Yeah, those are them. Here's a link to a very large image:

http://z.about.com/d/xbox/1/0/-/C/Harmonyforbox360.jpg

BJ


----------



## Drewg5 (Dec 15, 2006)

You have my remote.. with out the broken screen...  I also saw at Best Buy that they had a remote that looked a lot like the 550, but it was for X-Box and it had Red Green Yellow and Green buttons on it instead of the up and down arrows below the menu & exit buttons. Now I wish I had gotten the X-Box one, now that I know that all the buttons are programable. I might just replace mine with the X-Box ver. cuz it has thoese buttons and no broken screen.. My poor 550 did not like getting walked on.

-----

I must be slow today  I have also seen it in black.


----------



## Steve (Aug 22, 2006)

Not a Harmony, but the URC R7, $29 at Circuit City, has turned out to be a very nice HR20 remote, IMO. You have to work a bit to set it up, but every key is "learnable" and the R7 allows you to program up to nine 20-step macros. It also has a very nice cruise control layout. I assigned R/G/Y/B to the bottom row, and got every key on there except "active", which I don't use. It's not peanut-shaped, but the back is contoured, like the Harmony, so it has a nice hand feel. Also much better button tactile feedback than the Harmony 550, which I briefly tried. /s


----------



## Conky (Apr 17, 2007)

I have the XBox360 Harmony remote and it works quite well with the HR-20. One issue, however, is the lack of a guide button. You can use one of the LCD screen buttons for guide, but for me, it is too far from the other frequently used buttons to work effectively - in other words, my wife didn't like it up there. I reprogrammed the 'Back' button to the HR-20 'Guide' button, and that works quite well. I don't really need the back button that often, so I put that one up on the display.


----------



## Conky (Apr 17, 2007)

Another nice feature of the Harmony remote is the ability to program buttons from other equipment on the display buttons while watching TV. I have buttons for my IR dimmer switch and my AV receiver's dim button on the display -- very handy.


----------



## rlnoonan (Jan 6, 2007)

I'll add another vote for the 676. I was really interested in the 880 for its color screen and recharging, but I chose the 676 over due to price and better ability to feel the buttons. As it turns out, I'm really glad I chose the 676 because the ability to feel the buttons without looking is important to me. I hardly look at the remote that much now that I'm used to it (which also means the lack of color screen isn't a big deal).


----------



## tnmg (Apr 4, 2006)

can the harmony program one of the keys to cut closed captioning on and off? or must i continue to go through the menu on the hr20?


----------



## AlbertZeroK (Jan 28, 2006)

tnmg said:


> can the harmony program one of the keys to cut closed captioning on and off? or must i continue to go through the menu on the hr20?

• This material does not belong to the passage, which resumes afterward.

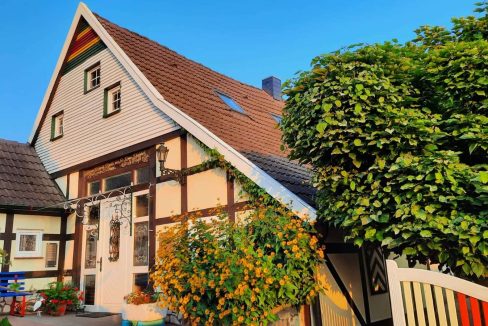 Haus Seitenansicht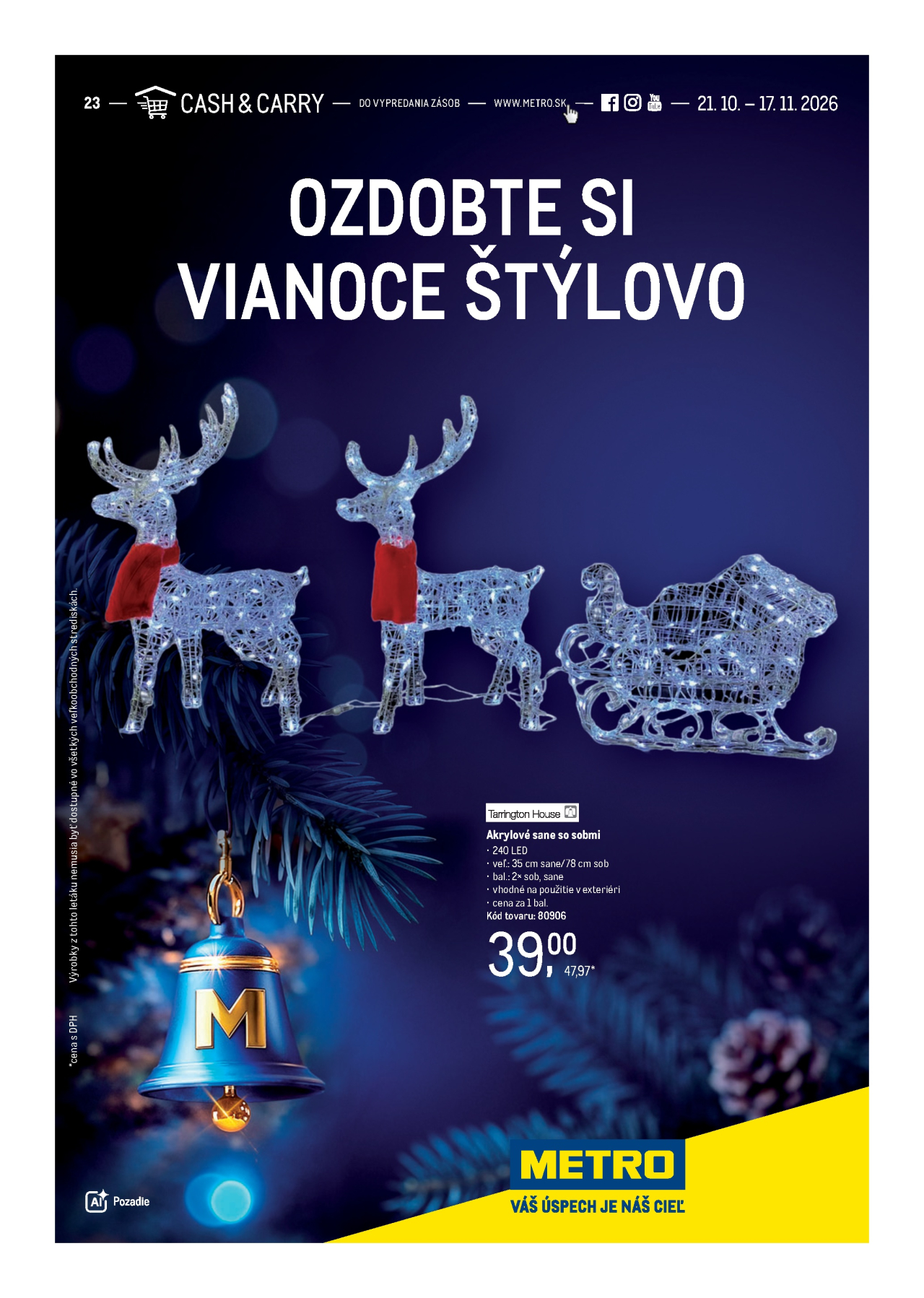 Metro leták - Dekorácie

Kinda. However, it would be easier to set up two activities, one for watching TV with closed caption, one for watching TV without closed caption.

But no, there is no good way of setting up one button to turn on and off closed captioning. Having two seperate activities set up is the only real option.

Harmony remotes don't support Macro recording like some other remotes. Or atleast they don't any more, they use to way back when.


----------



## anubys (Jan 19, 2006)

I love my 676...the only thing I think it misses is that it only has 3 activity buttons (I know you can menu down to more)...the layout of the 676 is perfect, IMO...


----------



## Baconbeard (Jun 18, 2007)

Thanks for all the responses. Seems like everyone has a little different opinion, but by and large, everyone loves the Harmony remotes.

Where is a good place to buy one?


----------



## anubys (Jan 19, 2006)

Baconbeard said:


> Thanks for all the responses. Seems like everyone has a little different opinion, but by and large, everyone loves the Harmony remotes.
> 
> Where is a good place to buy one?


I'm a big harmony fanboy...but to be fair, the OP excluded any other remote from the discussion...there are a lot of people who swear by other remotes...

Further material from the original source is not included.